No início dos anos 1980, um estudante chamado Robert “Bobby” Shafran, de 19 anos, teve uma das experiências mais surreais de sua vida. No primeiro dia de aula na faculdade Sullivan Community College, em Nova York, colegas o cumprimentavam como se fosse outra pessoa: “Oi, Eddie, bem-vindo de volta!”. Confuso, ele afirmava que não era “Eddie” – até que descobriu que sua semelhança não era coincidência, mas parte de um segredo muito maior.
Bobby, na verdade, tinha um irmão gêmeo idêntico: Eddie Galland. Pouco depois, os dois se encontraram e o choque deu lugar à euforia. As semelhanças eram absurdas – desde hábitos triviais, como ter os lábios rachados no inverno, até o mesmo jeito de falar, andar e sorrir. A história estampou jornais de Nova York e chamou atenção de David Kellman, outro jovem da mesma idade e com a mesma data de nascimento: 12 de julho de 1961. Ele, por sua vez, descobriu ser o terceiro irmão perdido.
Assim, três jovens que cresceram sem saber da existência um do outro se reuniram por acaso, em um dos reencontros familiares mais impressionantes já registrados. O país se encantou com a história dos trigêmeos idênticos separados ao nascer. Eles viraram celebridades, participaram de programas de TV e até abriram juntos um restaurante chamado Triplets (Trigêmeos).
A revelação do experimento
Ao investigar por que os irmãos foram separados, os pais adotivos descobriram que não se tratava de mero acaso. Os três haviam sido deliberadamente entregues a famílias diferentes como parte de um experimento psicológico conduzido pelo psicanalista austríaco Peter Neubauer.
O objetivo do estudo era responder a uma das grandes questões da ciência: o que molda o ser humano, a genética ou o ambiente em que cresce? Para isso, Bobby, Eddie e David foram acompanhados durante anos por pesquisadores, que filmavam seus comportamentos, aplicavam testes e monitoravam suas rotinas – sem jamais revelar o verdadeiro propósito às famílias.

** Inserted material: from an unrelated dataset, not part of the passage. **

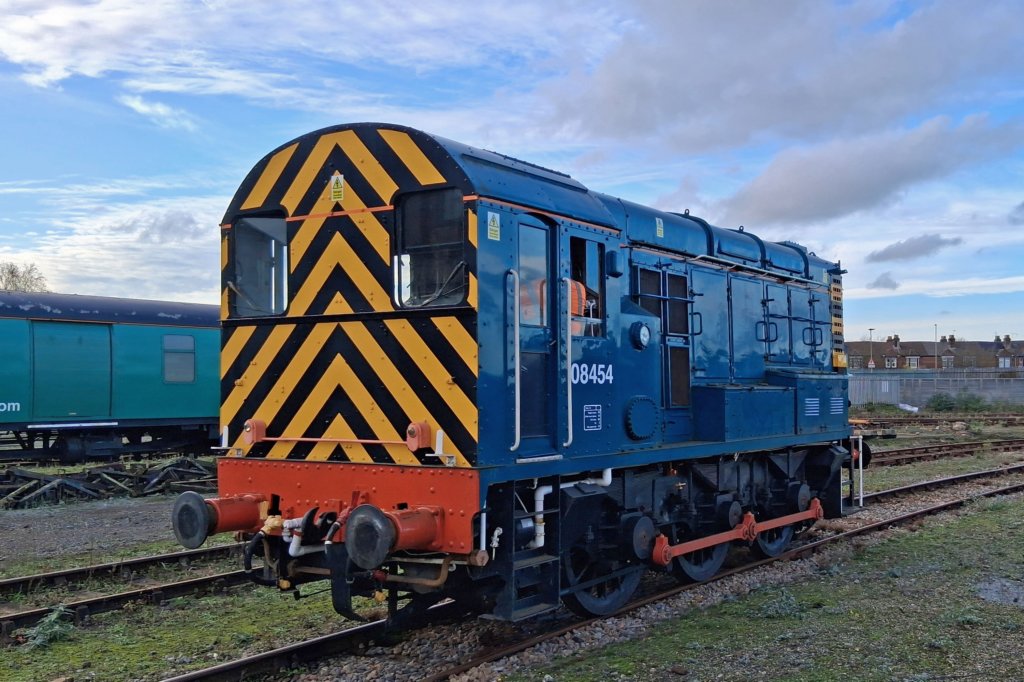 eastleighworks13thnovember20253.jpg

Segundo registros, o projeto envolveu também outros pares de gêmeos idênticos, todos entregues pela mesma agência de adoção, a Louise Wise Services. No entanto, os resultados jamais foram publicados. A documentação do estudo está trancada na Universidade de Yale e só poderá ser acessada em 2065.
Tragédia e consequências
Apesar da alegria inicial, a relação entre os trigêmeos começou a enfrentar dificuldades. Diferenças pessoais e pressões externas geraram conflitos, e Eddie, que sofria com problemas de saúde mental, entrou em depressão. Em 1995, ele tirou a própria vida, deixando Bobby e David devastados.
Para eles, a dor da perda se mistura à indignação. “Nós fomos tratados como ratos de laboratório”, desabafou Bobby em entrevista ao programa Outlook da BBC. David acrescentou: “Como você se sentiria ao descobrir que alguém decidiu o rumo da sua vida apenas para colher dados?”.
Ainda assim, ambos reconhecem que a história poderia ter deixado algum legado positivo. “Se pelo menos as conclusões ajudassem crianças que precisam de apoio, tudo isso não teria sido em vão”, refletiu Bobby.
Do caso real ao cinema
A extraordinária e perturbadora história dos trigêmeos separados ganhou projeção internacional em 2019 com o documentário “Three Identical Strangers” (Três Estranhos Idênticos), dirigido por Tim Wardle. O filme trouxe à tona detalhes do experimento secreto e reacendeu debates éticos sobre os limites da ciência.
Hoje, o caso de Bobby, David e Eddie segue como um dos episódios mais controversos da psicologia moderna, lembrando ao mundo que nem sempre a busca pelo conhecimento justifica o preço humano cobrado.